[Items listed in a dataset]
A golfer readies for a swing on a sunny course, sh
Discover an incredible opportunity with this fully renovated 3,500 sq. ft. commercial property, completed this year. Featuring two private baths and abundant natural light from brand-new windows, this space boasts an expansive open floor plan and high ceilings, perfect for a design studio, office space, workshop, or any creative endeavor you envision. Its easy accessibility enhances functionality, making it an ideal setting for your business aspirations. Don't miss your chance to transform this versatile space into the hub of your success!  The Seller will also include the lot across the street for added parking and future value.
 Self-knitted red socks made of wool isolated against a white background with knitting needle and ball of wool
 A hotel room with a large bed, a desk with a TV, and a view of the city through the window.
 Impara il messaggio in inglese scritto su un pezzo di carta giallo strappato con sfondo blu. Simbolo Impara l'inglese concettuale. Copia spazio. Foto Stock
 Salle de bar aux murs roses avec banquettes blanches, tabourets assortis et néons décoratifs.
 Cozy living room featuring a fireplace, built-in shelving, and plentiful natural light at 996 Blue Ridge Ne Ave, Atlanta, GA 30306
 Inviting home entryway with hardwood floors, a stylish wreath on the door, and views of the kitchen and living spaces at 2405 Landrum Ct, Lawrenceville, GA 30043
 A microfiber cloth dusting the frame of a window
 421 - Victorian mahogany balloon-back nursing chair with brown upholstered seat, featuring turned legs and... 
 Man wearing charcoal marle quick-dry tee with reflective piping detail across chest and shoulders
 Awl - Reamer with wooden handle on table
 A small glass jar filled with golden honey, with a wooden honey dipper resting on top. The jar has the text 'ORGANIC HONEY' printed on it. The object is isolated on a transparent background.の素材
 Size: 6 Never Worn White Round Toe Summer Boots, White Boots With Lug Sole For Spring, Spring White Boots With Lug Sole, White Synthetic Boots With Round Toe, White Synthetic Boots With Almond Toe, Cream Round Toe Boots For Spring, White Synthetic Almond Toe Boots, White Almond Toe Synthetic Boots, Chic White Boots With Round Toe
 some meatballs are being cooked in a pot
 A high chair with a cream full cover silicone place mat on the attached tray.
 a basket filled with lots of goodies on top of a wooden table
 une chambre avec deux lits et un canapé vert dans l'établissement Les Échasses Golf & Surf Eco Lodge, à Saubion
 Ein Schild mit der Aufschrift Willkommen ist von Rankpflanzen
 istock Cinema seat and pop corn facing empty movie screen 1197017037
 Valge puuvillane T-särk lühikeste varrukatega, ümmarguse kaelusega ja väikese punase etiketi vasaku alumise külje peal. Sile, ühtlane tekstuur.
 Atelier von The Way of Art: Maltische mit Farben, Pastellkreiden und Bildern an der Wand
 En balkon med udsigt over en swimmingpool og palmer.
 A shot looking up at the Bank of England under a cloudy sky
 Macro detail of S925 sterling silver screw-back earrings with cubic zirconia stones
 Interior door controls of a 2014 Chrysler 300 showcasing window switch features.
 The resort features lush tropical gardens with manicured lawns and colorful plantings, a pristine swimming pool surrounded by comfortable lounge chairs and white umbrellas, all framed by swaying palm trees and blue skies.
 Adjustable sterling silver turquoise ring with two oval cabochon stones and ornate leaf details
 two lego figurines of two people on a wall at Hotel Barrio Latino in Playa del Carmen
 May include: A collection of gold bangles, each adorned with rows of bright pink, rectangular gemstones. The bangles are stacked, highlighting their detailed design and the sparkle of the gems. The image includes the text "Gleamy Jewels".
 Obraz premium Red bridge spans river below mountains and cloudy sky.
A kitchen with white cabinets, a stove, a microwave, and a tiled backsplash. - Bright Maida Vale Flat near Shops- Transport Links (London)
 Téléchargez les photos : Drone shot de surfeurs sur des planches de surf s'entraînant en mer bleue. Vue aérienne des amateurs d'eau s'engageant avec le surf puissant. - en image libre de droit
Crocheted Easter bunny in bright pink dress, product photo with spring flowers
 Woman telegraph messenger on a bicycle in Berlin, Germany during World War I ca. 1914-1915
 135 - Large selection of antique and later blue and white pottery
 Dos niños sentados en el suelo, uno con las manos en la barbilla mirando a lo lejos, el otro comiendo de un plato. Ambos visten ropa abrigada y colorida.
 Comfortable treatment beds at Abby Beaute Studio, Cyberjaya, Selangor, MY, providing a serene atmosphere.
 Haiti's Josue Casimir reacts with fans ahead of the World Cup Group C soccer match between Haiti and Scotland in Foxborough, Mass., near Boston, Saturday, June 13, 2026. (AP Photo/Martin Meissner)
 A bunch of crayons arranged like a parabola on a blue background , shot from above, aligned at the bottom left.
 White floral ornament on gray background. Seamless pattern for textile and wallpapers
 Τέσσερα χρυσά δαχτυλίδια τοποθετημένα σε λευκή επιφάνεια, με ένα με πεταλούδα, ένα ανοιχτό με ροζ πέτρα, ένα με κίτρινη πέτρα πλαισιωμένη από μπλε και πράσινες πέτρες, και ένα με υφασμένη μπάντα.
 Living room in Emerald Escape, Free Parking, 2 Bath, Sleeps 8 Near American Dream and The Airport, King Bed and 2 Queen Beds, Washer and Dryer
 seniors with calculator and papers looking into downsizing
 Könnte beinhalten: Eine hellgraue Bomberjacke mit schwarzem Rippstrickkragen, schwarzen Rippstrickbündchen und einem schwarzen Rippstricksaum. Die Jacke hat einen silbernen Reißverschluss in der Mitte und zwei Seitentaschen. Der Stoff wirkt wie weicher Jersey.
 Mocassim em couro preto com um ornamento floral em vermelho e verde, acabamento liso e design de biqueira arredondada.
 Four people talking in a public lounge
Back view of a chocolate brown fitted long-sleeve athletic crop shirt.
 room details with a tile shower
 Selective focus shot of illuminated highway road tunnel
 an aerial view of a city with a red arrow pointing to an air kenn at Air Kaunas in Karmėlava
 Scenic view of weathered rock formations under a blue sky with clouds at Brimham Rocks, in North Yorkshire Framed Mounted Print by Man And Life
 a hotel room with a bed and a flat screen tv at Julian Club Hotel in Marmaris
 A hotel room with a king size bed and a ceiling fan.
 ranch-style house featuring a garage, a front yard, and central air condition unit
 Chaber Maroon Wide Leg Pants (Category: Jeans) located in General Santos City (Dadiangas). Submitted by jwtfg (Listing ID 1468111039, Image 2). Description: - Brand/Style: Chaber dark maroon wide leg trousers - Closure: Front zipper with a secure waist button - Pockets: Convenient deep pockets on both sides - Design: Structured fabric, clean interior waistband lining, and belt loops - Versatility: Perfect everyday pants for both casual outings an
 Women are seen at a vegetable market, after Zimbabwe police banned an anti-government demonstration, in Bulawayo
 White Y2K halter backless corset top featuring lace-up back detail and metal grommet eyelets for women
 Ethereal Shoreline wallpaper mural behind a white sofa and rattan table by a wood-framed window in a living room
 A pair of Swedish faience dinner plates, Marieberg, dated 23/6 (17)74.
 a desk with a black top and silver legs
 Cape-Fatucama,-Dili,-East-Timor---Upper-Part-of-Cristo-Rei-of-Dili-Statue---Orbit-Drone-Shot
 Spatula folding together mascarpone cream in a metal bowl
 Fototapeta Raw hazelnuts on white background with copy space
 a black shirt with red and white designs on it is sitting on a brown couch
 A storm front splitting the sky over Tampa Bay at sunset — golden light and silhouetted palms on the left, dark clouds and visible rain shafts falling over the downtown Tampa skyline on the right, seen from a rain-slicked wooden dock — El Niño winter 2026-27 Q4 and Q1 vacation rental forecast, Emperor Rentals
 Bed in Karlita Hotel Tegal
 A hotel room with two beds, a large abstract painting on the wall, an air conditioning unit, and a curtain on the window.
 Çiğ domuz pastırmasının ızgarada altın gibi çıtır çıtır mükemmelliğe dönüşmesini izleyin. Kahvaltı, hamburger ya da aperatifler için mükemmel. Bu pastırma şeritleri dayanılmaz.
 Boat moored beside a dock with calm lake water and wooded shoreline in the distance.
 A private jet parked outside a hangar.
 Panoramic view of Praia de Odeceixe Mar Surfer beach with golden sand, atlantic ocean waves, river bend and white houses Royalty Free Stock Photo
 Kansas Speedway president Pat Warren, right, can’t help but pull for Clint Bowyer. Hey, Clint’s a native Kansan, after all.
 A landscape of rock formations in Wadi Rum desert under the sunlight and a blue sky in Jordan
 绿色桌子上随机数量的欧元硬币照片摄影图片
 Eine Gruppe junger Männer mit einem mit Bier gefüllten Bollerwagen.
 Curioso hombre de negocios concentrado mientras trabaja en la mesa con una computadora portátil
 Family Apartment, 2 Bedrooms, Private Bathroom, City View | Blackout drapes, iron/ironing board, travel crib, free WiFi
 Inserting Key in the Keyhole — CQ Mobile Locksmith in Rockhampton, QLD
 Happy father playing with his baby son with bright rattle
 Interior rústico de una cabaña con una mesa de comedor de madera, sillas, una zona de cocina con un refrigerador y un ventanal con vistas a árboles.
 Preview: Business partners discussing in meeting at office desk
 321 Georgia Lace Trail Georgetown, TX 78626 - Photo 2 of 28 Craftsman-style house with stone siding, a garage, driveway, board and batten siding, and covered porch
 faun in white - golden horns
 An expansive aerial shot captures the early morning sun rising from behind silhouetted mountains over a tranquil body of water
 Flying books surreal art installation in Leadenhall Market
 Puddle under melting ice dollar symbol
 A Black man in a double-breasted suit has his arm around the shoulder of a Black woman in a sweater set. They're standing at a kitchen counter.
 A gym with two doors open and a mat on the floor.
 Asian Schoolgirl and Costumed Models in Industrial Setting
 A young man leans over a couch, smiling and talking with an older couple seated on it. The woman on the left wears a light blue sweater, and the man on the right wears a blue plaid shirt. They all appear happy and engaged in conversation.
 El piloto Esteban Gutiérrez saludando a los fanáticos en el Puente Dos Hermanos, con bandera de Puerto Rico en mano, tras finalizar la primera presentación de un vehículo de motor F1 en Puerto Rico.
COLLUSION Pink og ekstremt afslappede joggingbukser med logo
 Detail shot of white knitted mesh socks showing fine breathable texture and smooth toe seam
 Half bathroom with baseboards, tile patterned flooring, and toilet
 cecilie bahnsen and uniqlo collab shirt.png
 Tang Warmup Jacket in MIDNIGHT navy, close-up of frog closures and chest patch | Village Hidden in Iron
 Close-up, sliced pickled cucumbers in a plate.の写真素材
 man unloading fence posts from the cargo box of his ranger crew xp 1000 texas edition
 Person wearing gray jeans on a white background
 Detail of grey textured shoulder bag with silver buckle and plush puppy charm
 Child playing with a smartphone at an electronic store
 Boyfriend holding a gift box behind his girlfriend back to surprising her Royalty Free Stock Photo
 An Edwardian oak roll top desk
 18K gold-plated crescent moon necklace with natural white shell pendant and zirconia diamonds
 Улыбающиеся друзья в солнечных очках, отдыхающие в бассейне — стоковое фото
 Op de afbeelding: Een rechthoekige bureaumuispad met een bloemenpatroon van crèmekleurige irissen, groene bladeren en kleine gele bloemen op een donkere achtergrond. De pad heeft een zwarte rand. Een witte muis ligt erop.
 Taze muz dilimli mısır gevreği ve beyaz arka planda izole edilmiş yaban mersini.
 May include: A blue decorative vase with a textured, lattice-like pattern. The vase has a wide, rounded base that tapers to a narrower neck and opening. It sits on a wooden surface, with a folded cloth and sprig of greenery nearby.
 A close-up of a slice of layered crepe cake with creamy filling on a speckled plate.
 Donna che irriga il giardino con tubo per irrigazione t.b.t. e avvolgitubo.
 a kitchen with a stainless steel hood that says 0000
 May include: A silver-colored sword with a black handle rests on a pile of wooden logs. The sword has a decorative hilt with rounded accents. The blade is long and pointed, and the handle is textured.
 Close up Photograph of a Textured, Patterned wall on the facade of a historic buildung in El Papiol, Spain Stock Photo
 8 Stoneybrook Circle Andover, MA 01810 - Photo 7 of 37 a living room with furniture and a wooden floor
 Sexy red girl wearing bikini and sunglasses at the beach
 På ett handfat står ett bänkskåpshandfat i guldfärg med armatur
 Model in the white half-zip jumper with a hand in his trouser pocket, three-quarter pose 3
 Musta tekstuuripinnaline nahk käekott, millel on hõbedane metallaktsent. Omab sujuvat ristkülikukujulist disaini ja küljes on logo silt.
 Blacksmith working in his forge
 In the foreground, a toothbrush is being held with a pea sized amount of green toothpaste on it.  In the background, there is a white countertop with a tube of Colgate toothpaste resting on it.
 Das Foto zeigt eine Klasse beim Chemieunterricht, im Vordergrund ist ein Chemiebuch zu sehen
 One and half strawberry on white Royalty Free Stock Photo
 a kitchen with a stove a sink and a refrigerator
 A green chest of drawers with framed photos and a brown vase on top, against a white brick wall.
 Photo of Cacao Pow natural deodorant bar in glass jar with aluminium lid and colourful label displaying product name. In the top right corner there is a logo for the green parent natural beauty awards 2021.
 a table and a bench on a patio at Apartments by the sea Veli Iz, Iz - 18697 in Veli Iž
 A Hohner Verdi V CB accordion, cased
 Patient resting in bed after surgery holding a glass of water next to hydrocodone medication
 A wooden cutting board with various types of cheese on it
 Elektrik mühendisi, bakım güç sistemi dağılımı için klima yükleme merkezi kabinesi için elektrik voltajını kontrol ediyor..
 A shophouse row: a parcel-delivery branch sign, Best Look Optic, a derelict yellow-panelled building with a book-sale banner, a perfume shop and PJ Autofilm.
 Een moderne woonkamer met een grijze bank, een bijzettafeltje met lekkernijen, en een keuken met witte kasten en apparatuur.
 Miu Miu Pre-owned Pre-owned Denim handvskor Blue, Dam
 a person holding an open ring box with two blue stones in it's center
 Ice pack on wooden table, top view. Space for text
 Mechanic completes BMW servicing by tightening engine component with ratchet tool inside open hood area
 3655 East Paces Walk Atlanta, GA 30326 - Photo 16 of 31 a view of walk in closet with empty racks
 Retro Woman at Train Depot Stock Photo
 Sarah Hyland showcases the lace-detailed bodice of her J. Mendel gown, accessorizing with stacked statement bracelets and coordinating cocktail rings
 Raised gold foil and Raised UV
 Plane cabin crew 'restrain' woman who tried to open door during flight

* What this task involves: A single number is the whole answer: how many lines in the entries hold the word "They".

* Task solution: 2